Guide · Architecture

MCP server message queue

Tool calls in an MCP server are synchronous from the client's perspective — the client sends a request and waits for a response. For fast tools (database queries, API calls, calculations) this is fine; the response arrives in milliseconds. For slow tools (video transcoding, large-batch exports, long-running AI tasks that can take minutes) blocking the tool call until completion makes the client wait, ties up the MCP session, and risks hitting transport timeouts. Message queues decouple the trigger (the tool call) from the execution (the background worker), letting the tool return a job ID immediately while the work continues asynchronously.

TL;DR

For long-running tasks: the trigger tool enqueues the job and returns a job_id immediately (no waiting). A separate job_status tool lets the client poll the result. Use BullMQ for a battle-tested TypeScript queue over Redis, or SQLite for simpler single-process deployments. Create one queue connection and one worker at module scope — not per tool call. Add a health_check tool that pings the queue and returns consumer stats; configure AliveMCP (or a synthetic monitor) to call it, since AliveMCP's standard protocol probe only confirms the MCP server is up — it cannot see whether queue consumers are processing jobs.
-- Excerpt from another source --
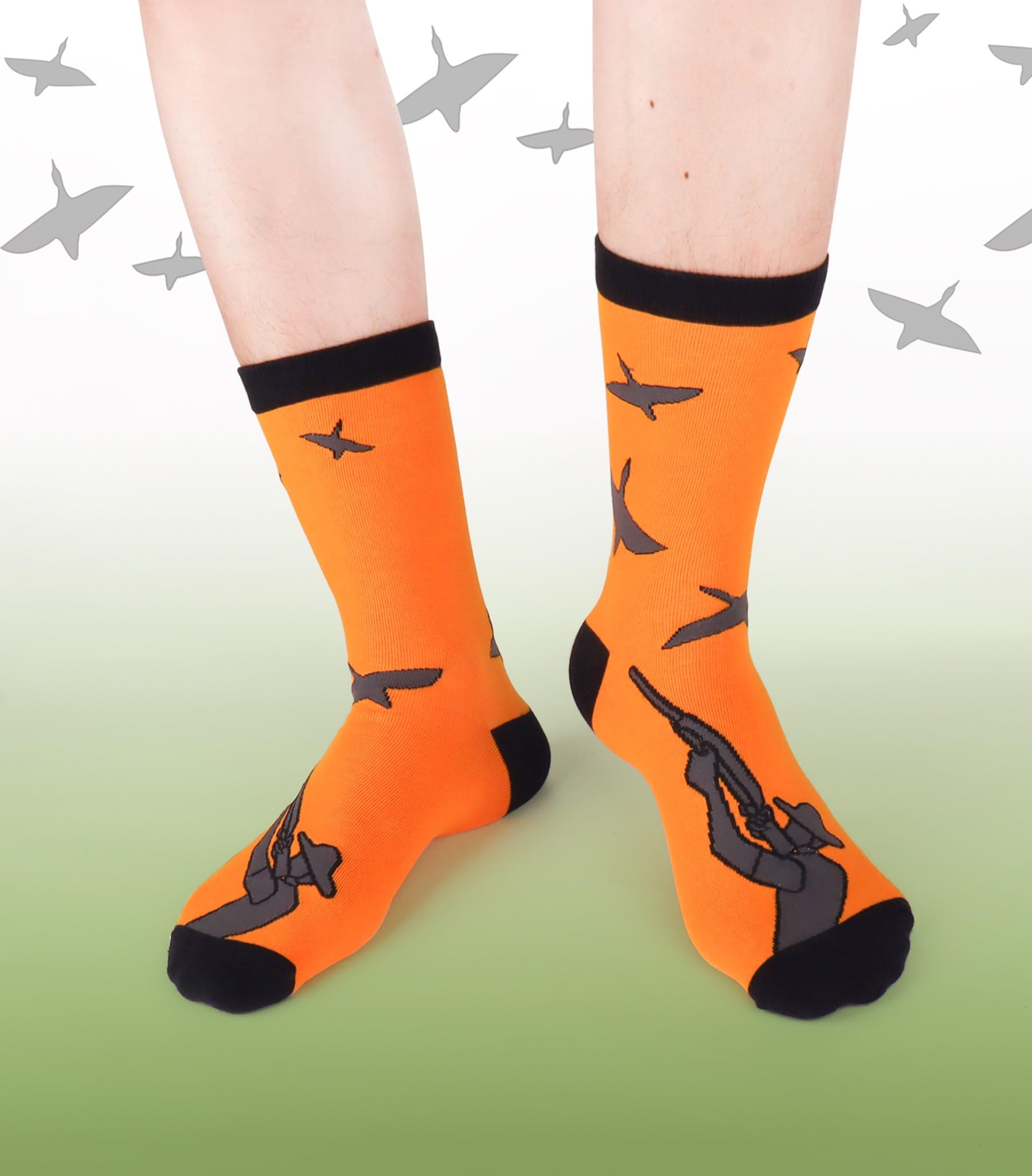 Mens Funny Fun Crazy Funky Dress Crew Socks - Dude Golf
When to use a message queue

Not every slow operation needs a queue. The decision tree:

Under 30 seconds, deterministic latency: block and await. Return the result directly. Add a timeout with AbortSignal and return isError: true if it exceeds the budget.
30 seconds to a few minutes, known completion time: consider long-polling — return the result when ready, keep the HTTP connection open (the MCP transport supports this). Useful for AI inference where the model response is streaming.
Minutes to hours, or bursty arrival rate: use a queue. The tool enqueues the job and returns immediately. The worker processes at its own pace. This handles back-pressure naturally — excess jobs queue up rather than overwhelming the worker pool.
Fan-out to multiple consumers: use a queue with multiple worker instances. Each job is processed by exactly one worker (competing consumers), or delivered to all workers (pub/sub, depending on the queue semantics).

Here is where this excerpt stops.